Given this biological constraint on the sensitivity of our subjective utility scale, we

need to re-adjust our reference point by getting used to what we’ve got and then taking

it for granted. If we didn’t adjust our reference point, we could quickly hit the maximum

of our utility scale, and realize that nothing we could ever do would make us happier.

That would effectively kill our motivation to work harder, become richer, and

achieve more. In reality, of course, what happens is that we get used to our current

level of wealth, status, and achievement, and are then motivated to seek more, believing

that it will make us happier.

The irony of this motivational system is that for it to keep working, we have to

habituate to our new condition but not anticipate this habituation.
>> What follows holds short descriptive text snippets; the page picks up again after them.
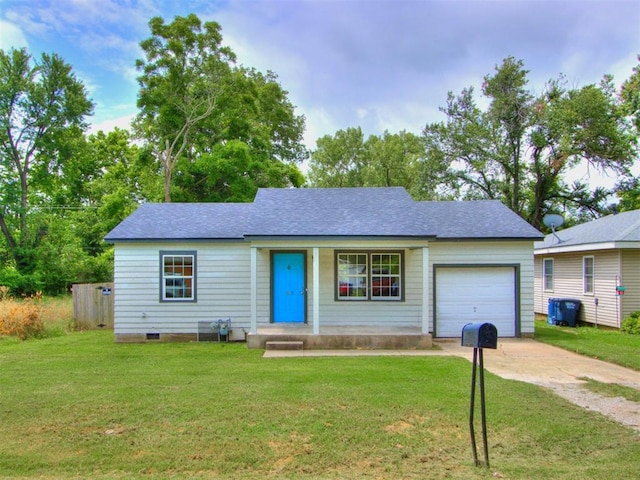 1125 E Fay St, Shawnee, OK 74801 - single story home with concrete driveway, a garage, a front yard, and a shingled roof
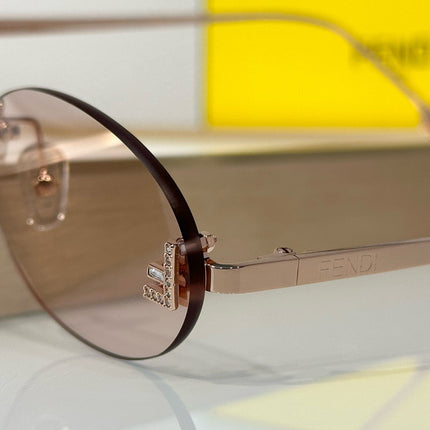FIRST CRYSTAL RIMLESS OVAL FRAME SUNGLASSES FE4075US IN METAL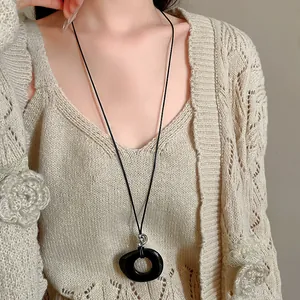 Close-up of minimalist black resin hollow circle pendant on a long cord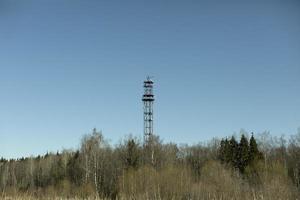 tour de communication au-dessus de la forêt. tour de télévision à l'extérieur de la ville. antenne d'alimentation de signal. photo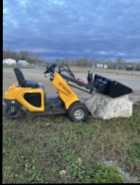 Snow clearing loader - Photo 1 of 5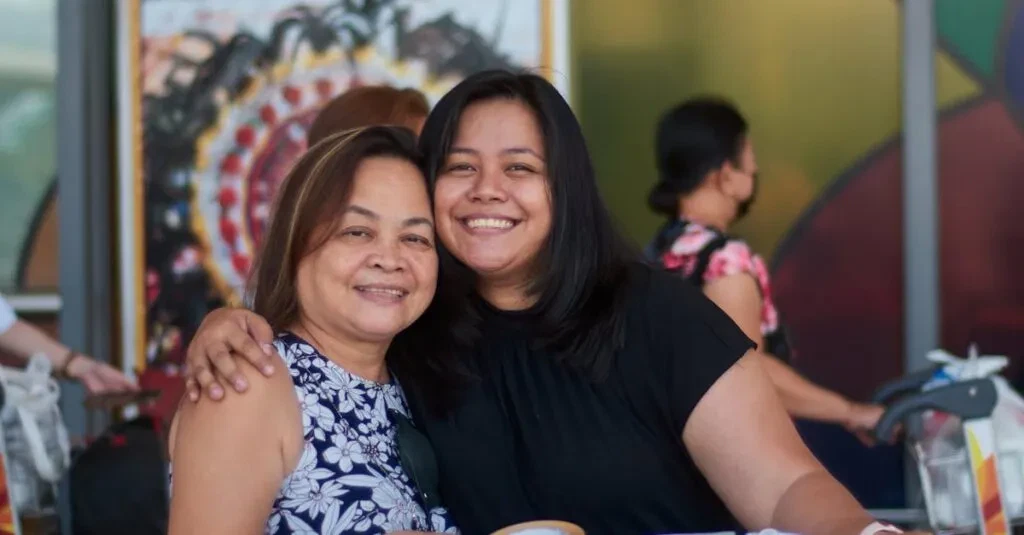 A Mother And Daughter Sharing A Joyful Embrace In A Colorful Airport Terminal.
Evidence does indeed

confirm that people adjust to both positive and negative changes in circumstances

with surprising speed, and then promptly forget that they did so (Brickman, Coates, &

Janoff-Bulman, 1978; Gilbert, Pinel, Wilson, Blumberg, & Wheatley, 1998). Thus, we

find ourselves on a hedonic treadmill in which we strive for an imagined happiness that

forever slips out of our grasp, beckoning us onward (Brickman & Campbell, 1971;

Gilbert, 2006; Kahneman, Krueger, Schkade, Schwarz, & Stone, 2006).